Jay: So, kind of to dig a little bit deeper into that. I know you’ve been in school administration for a while and you probably have just some really neat stories where you’ve had a chance to directly or indirectly impact the lives of a student or a teacher or you know and sometimes maybe both. But take us if you don’t mind, if you could share just one of the most meaningful stories that you’ve had, of the impact that you’ve been able to make.
Doug: That’s a good question. A lot of them unfortunately had ended…let me think, let me get out of my negative brain here and get some positive. We had it for a long time in the middle school that I was at didn’t have the grace reputation, it’s since very much turned around. But we had, we had many difficulties. I say probably one of the things, one of the ones I remember, this is from earlier on. It was a young lady who, not into much detail but she had a drug problem even in 8th grade. And had a really poor attendance, she had just absolute poor attendance and it was horrible. And what would happen is that when she tended to get in trouble, she would, the only person that she would really talk to to calm down and talk was me. She just trusted that what I told her on many levels would be understood and then also sort of kept between us unless it was something that obviously I needed to really share with somebody else. She trusted that I wouldn’t judge her or treat her a certain way because of what she told me.

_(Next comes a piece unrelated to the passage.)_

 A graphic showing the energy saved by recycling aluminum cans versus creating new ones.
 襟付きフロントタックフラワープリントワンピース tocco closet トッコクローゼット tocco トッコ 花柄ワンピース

And I think what ended up happening towards the end of the year, she kind of got her act together and sort of the reason why I picked this as my success story is… just the final sort of last few months, the realization that you know I was that was person for her that kind of got her through 8th grade and she, she never really thanked me, but she did make it through. She went on to high school, and I kinda lost track after a year or two, so I don’t know how the story end. But she would come in and just say certain things to me and like she shared about, “Today’s going to be a good day” you know like early in the morning. And ok that’s great. You know, that was her way of saying, “Thank you, I know you’re there for me” so let me know, let me know how I’m doing this was what she was kind of asking and I would check on her frequently and just kind of walk in her room, you know kind of give her like a look and she’d kind of give me like a you know, like everything’s good and I’d turn around and walk out and yeah I just I don’t know, that was probably the one that I can remember and it’s been something like I guess I really hope she gets through that because it started off really poorly and I didn’t think we were gonna make it through the first month so that – don’t get me wrong, she got in trouble for the last few months, yeah, definitely got suspended a few times but we always welcomed her back with open arms, but she definitely still continued to make poor choices. This was not something where she turned herself 100% around.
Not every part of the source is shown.